A surge in COVID-19 cases driven by the Delta variant and slower than expected second quarter growth have helped bring rates down. And while Fannie Mae economists think the Federal Reserve may announce its intentions to taper its purchases of mortgage backed securities by the end of the year, they predict rates will rise only modestly next year.
Last month, Fannie Mae’s Economic and Strategic Research group was forecasting that rates on 30-year fixed rate loans would rise to 3.1 percent by the end of the year. Now they’re predicting that 30-year loans won’t broach the 3 percent mark until the third quarter of 2022.
But Fannie Mae economists have downgraded their forecast for home sales in the second half of 2021 — mainly because of the weaker outlook for new home sales, which fell 6.6 percent in June to an annual rate of 676,000 homes.
The drop could be a result of homebuilders turning down orders to give themselves time to catch up on construction backlogs. In their second quarter earnings calls, many builders “spoke of throttling back their order books in the face of supply disruptions, high materials costs, and labor scarcity,” Fannie Mae forecasters noted. “We expect sales to be subdued in the near term as this dynamic takes some time to play out, but eventually builders will work through their backlogs and start taking more orders.”
Fannie Mae economists now project 2021 new home sales will total 801,000, down from last month’s projection for 874,000 sales. Existing home sales are now projected at 5.86 million, a modest increase of 30,000 homes over July’s forecast.

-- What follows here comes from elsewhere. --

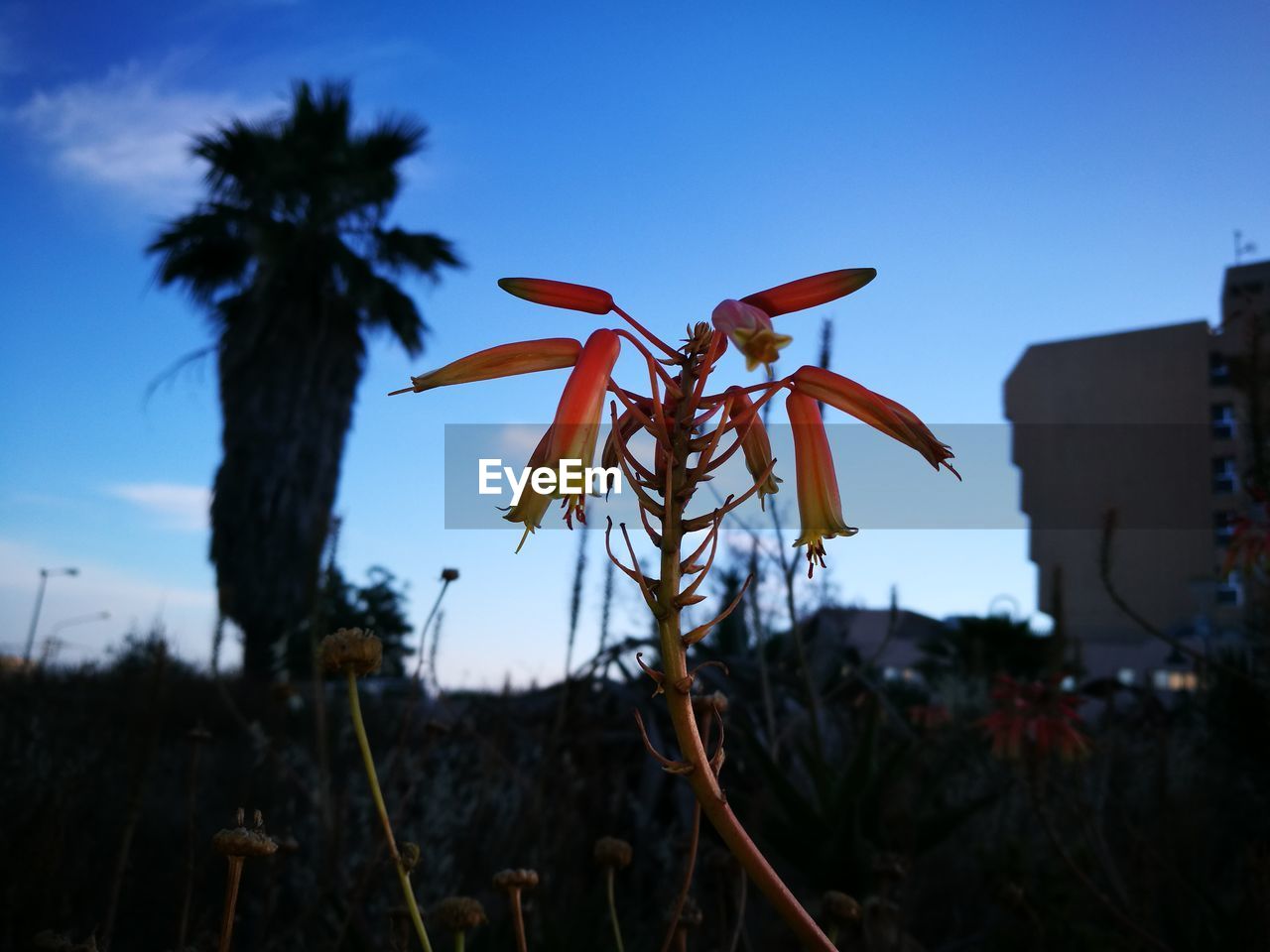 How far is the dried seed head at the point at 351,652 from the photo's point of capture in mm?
1012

“The past two months of declining mortgages rates would normally lead us to expect a greater increase in home sales over the latter half of the year, as rate changes typically induce more homebuying,” Fannie Mae’s economists said. “But the historically low level of inventory for sale suggests that any rate-related increase in sales will be muted due to the inadequacy of listings needed to fulfill higher buyer demand. This softer sales response also suggests more upward pressure on prices.”

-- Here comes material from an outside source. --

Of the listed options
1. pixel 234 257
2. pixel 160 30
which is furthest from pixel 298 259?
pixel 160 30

Next year, new home sales are expected to rise to 871,000, as builders start catching up with demand. But while price appreciation is expected to cool, Fannie Mae also expects sales of existing homes to drop back to 2020 levels.

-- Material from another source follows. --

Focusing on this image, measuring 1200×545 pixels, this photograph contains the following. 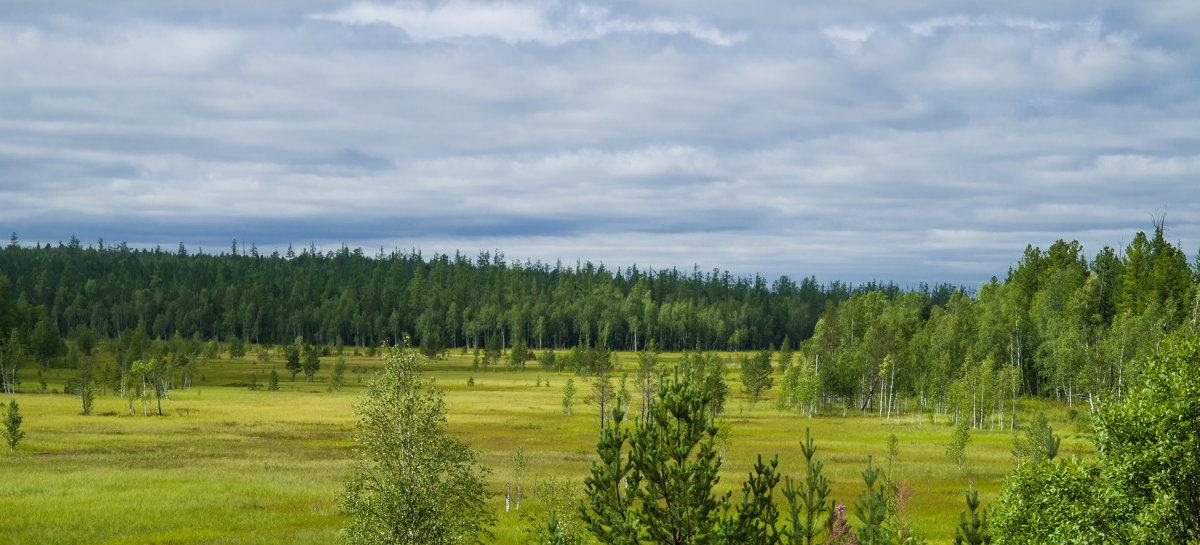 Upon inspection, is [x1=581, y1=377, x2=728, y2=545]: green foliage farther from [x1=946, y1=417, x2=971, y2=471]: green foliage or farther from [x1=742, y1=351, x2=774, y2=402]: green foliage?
[x1=742, y1=351, x2=774, y2=402]: green foliage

Lower interest rates are expected to provide a boost in refinancings, with Fannie Mae analysts estimating that around 51 percent of all homeowners with mortgages could potentially lower their interest rate by at least 50 basis points, or half a percentage point. At the current forecast level of $2.5 trillion, refinancings won’t equal last year’s peak of $2.9 trillion, and are expected to drop by 47 percent next year, to $1.3 trillion.
Purchase loan originations are expected to grow by 12 percent this year, to $1.8 trillion, outpacing the projected 3.8 percent increase in home sales thanks to double-digit home price appreciation. Purchase loan volume is projected to grow by another 7 percent next year, to $2 trillion.
“While the recent surge of COVID-19 cases appears to be affecting consumer behavior, the economic response so far has been modest compared to last year’s outbreak, and its impact on our latest forecast is similarly slight, albeit to the downside,” said Fannie Mae Deputy Chief Economist Mark Palim, in a statement summarizing the forecast. “For the housing market, at current case levels, the lack of inventories of homes for sale and continued supply chain bottlenecks experienced by homebuilders remain the primary constraints on home purchase activity. Moreover, while mortgage rates have drifted downward and in theory provide greater purchasing power to potential borrowers, in practice, given current supply-side and affordability challenges, we expect that benefit to be limited.”